Moscow, Russia - Prosecutors dropped an inquiry Tuesday into whether a Russian translation of an ancient Jewish text incites national and religious hatred - a decision that drew praise from Russia's chief rabbi and Israel's vice premier.
Rabbi Berel Lazar said he had contacted prosecutors to explain that the text was not aimed at non-Jews and to complain that officials seeking the probe had "anti-Semitic sentiments."
"I'm happy that this case has been dropped," Lazar told The Associated Press, adding that he'd been personally informed of the decision by the Moscow prosecutor's office.
The prosecutor's office declined comment. That office was responsible for the investigation into whether the Russian translation of Kitsur Shulhan Arukh, a 19th century summary of Jewish religious laws, provokes religious hatred.

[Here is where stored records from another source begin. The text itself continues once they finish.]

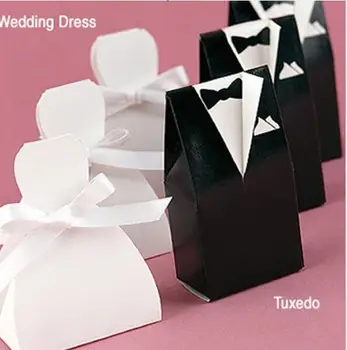 

100pcs Cute Bride Bridegroom Design Candy Boxes Party With Ribbon Gift Favors For Party Wedding Celebrations Candy Gifts Box
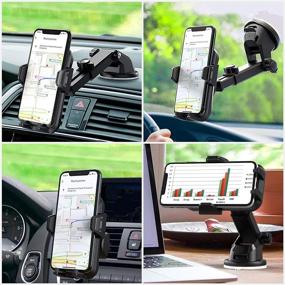 img 3 attached to 📱 Wipalor Universal Car Phone Holder: Upgraded Mount for Dashboard Windshield & Air Vent, Long Arm Strong Suction Compatible with iPhone, Samsung, Moto and More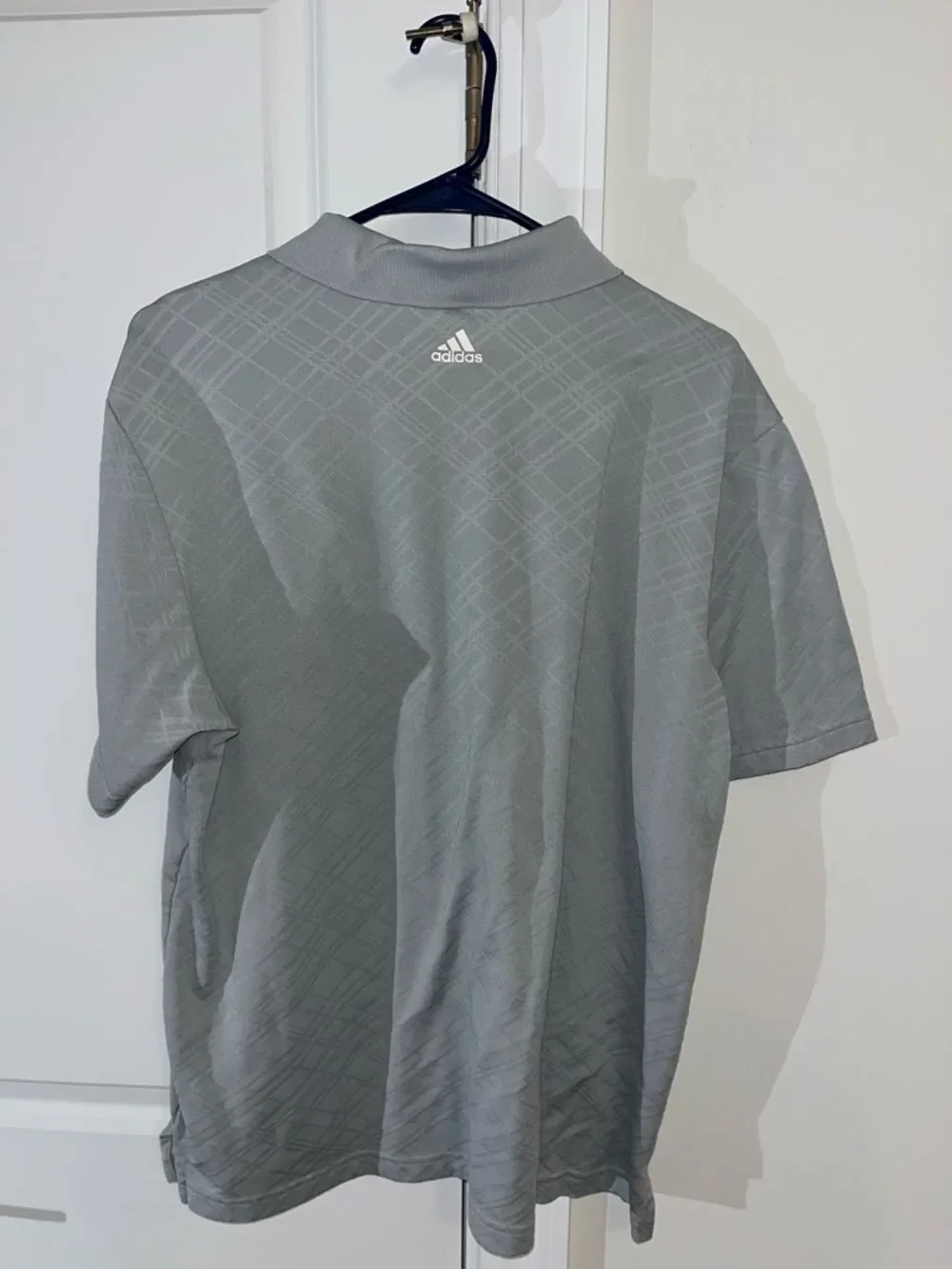 Adidas NC State Wolfpack ACC logo Gray Diamond print golf team shirt L mens used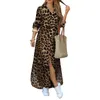 Podstawowe sukienki przypadkowe impreza Vintage Leopard Robe 2023 Autumn Long Rleeve Maxi Vestidos Dress Modna Koszula Kobieta 1 231117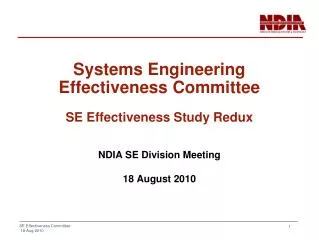 Systems Engineering Effectiveness Committee SE Effectiveness Study Redux
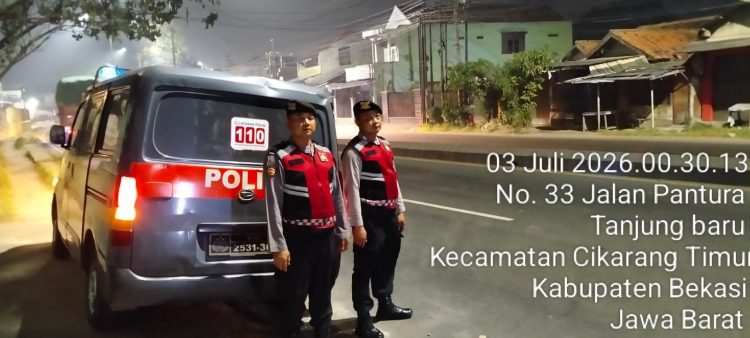 Jaga Jakarta Jaga Bekasi, Patroli Samapta Polsek Cikarang Timur Perkuat Pengawasan Jalur Pantura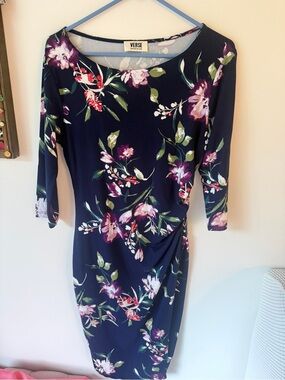 Verse Navy Floral Midi Dress with Purple & Green Print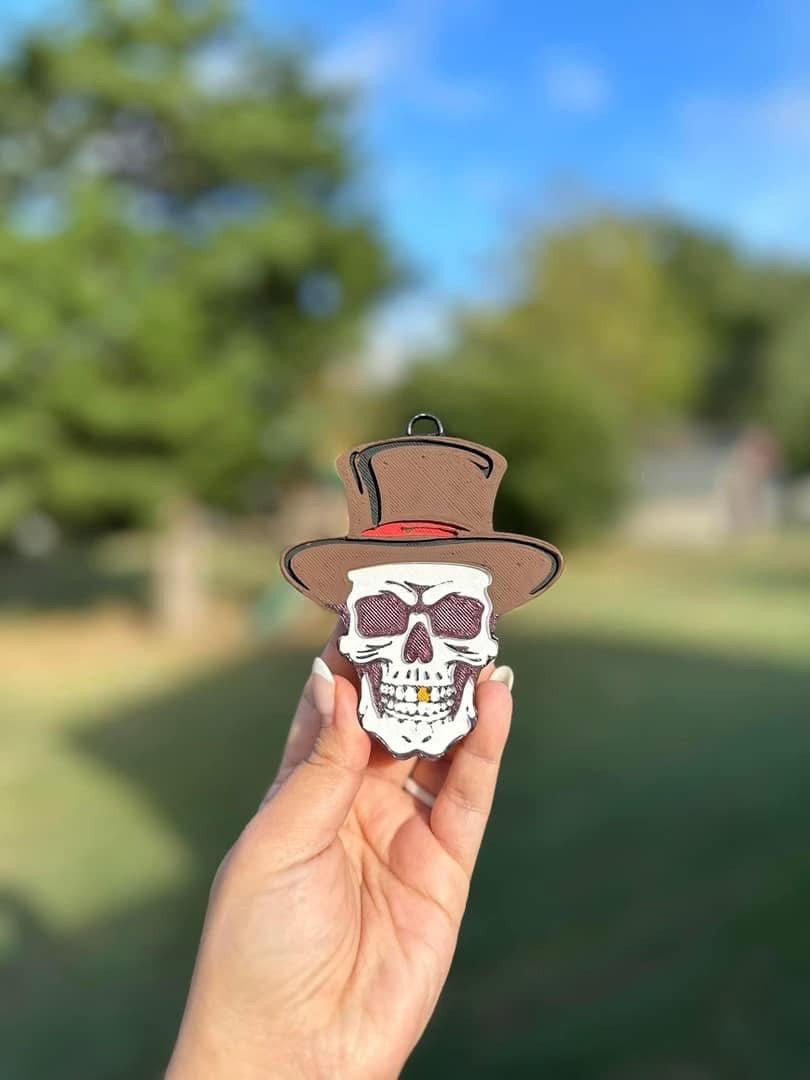 Skull With Top Hat Car Freshie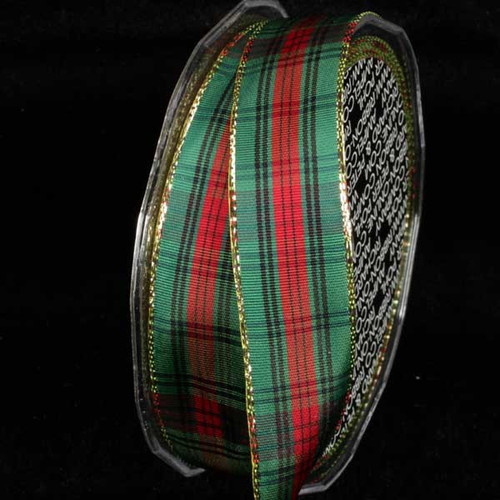 Green and Black French Plaid Wired Craft Ribbon 1" x 27 Yards - IMAGE 1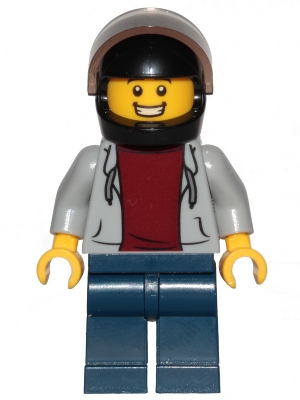 Pizza Delivery Guy - Hooded Sweatshirt, Dark Blue Legs, Black Helmet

The original probe was initiated after two nationalist activists complained the text is aimed at "insulting human dignity based on national and religious affiliation," according to an earlier prosecutors' statement posted on the Web site of an anti-xenophobia group, Sova. The text was also accused of labeling Christians "worshippers of idols" in a reference to Christians' main religious symbol, the cross.
Moscow district prosecutors last week summoned for questioning Rabbi Zinovy Kogan, chairman of the Congress of Jewish Religious Organizations, who published the translated text.
The investigation was meant to review a ruling last month by Moscow prosecutors that the text did not inspire hatred and a criminal case was not warranted.
Israeli Vice Premier Ehud Olmert, who met Prime Minister Mikhail Fradkov in Moscow on Tuesday, praised the Russian government for canceling the probe. "They have a clear commitment to the war against anti-Semitism," Olmert told Israel's Channel Two TV.
Prosecutors also decided not to pursue a separate probe into 19 nationalist lawmakers who had called for outlawing all Jewish organizations, the Interfax news agency reported Tuesday, citing law enforcement sources.
The lawmakers' letter to the general prosecutor's office made the religious text the center of an appeal for an investigation aimed at banning all Jewish organizations. The letter accused Jews of fomenting ethnic hatred and provoking anti-Semitism.
Lazar said he hoped the decision to drop the criminal case would be reversed.
"We are asking them to open a case into the letter ... to prove that it was anti-Semitic," he said. "Anti-Semitism is historical in Russia. It is getting better, there is a change at the top. But we can see remnants of the former Soviet system and it needs to be combatted."
Russia and the Soviet Union had a long history of state-sponsored anti-Semitism, including the residence restrictions in the Russian Empire, brutal pogroms at the turn of the 20th century, and Soviet-era discrimination against Jews.
The government no longer perpetuates anti-Semitism after the 1991 Soviet collapse, but many rights groups accuse Russian leaders of being silent in the face of xenophobia, expressed in the occasional desecration of Jewish cemeteries and more frequent skinhead attacks against dark-skinned foreigners.